Representation homology, Lie algebra cohomology and the derived Harish-Chandra homomorphism

Abstract

We study the derived representation scheme DRep$_n(A)$ parametrizing the $n$-dimensional representations of an associative algebra $A$ over a field of characteristic zero. We show that the homology of DRep$_n(A)$ is isomorphic to the Chevalley–Eilenberg homology of the current Lie coalgebra $\mathfrak {gl}_n^*(\bar{C})$ defined over a Koszul dual coalgebra of $A$. This gives a conceptual explanation to some of the main results of [BKR] and [BR], relating them (via Koszul duality) to classical theorems on (co)homology of current Lie algebras $\mathfrak {gl}_n(A)$ . We extend the above isomorphism to representation schemes of Lie algebras: for a finite-dimensional reductive Lie algebra $\mathfrak g$, we define the derived affine scheme DRep$_{\mathfrak g}(\mathfrak a)$ parametrizing the representations (in $\mathfrak g$) of a Lie algebra $\mathfrak{a}$; we show that the homology of DRep_${\mathfrak g}(\mathfrak a)$ is isomorphic to the Chevalley–Eilenberg homology of the Lie coalgebra $\mathfrak g^*(\bar{C})$, where $C$ is a cocommutative DG coalgebra Koszul dual to the Lie algebra $\mathfrak a$. We construct a canonical DG algebra map $\Phi_{\mathfrak g}(\mathfrak a): \mathrm {DRep}_{\mathfrak g}(\mathfrak a)^G \to \mathrm {DRep}_{\mathfrak h}(\mathfrak a)^W$ , relating the $G$-invariant part of representation homology of a Lie algebra $\mathfrak a$ in $\mathfrak g$ to the $W$-invariant part of representation homology of $\mathfrak a$ in a Cartan subalgebra of $\mathfrak g$. We call this map the derived Harish-Chandra homomorphism as it is a natural homological extension of the classical Harish-Chandra restriction map.

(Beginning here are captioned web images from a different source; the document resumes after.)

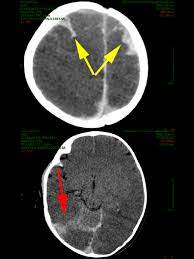 Report To The Prosecutor In Cases Of Shaken Baby Syndrome Abusive Head Trauma Still An Ongoing Debate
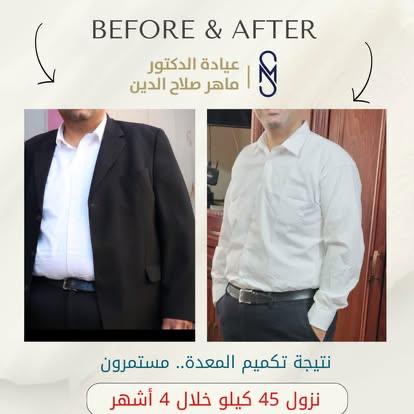 د. ماهر صلاح الدين لجراحة السمنة وشفط الدهون - صورة 2
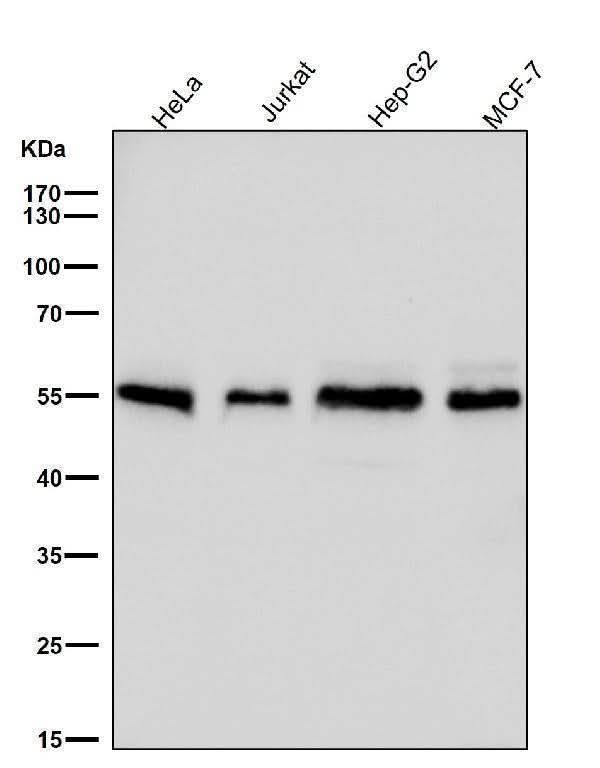 Anti-Apg12(Atg12) Rabbit Monoclonal Antibody Boster Bio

We conjecture that, for a two-dimensional abelian Lie algebra $\mathfrak{a}$, the derived Harish-Chandra homomorphism is a quasi-isomorphism. We provide some evidence for this conjecture, including proofs for $\mathfrak {gl}_2$ and $\mathfrak {sl}_2$ as well as for $\mathfrak {gl}_n, \mathfrak {sl}_n, \mathfrak{so}_n$ and $\mathfrak{sp}_{2n}$ in the inductive limit as $n \to \infty$. For any complex reductive Lie algebra $\mathfrak g$, we compute the Euler characteristic of DRep$_{\mathfrak g}(\mathfrak a)^G$ in terms of matrix integrals over $G$ and compare it to the Euler characteristic of DRep$_{\mathfrak h}(\mathfrak a)^W$. This yields an interesting combinatorial identity, which we prove for $\mathfrak {gl}_n$ and $\mathfrak{sl}_n$ (for all $n$). Our identity is analogous to the classical Macdonald identity, and our quasi-isomorphism conjecture is analogous to the strong Macdonald conjecture proposed in [Ha1, F] and proved in [FGT]. We explain this analogy by giving a new homological interpretation of Macdonald's conjectures in terms of derived representation schemes, parallel to our Harish-Chandra quasi-isomorphism conjecture.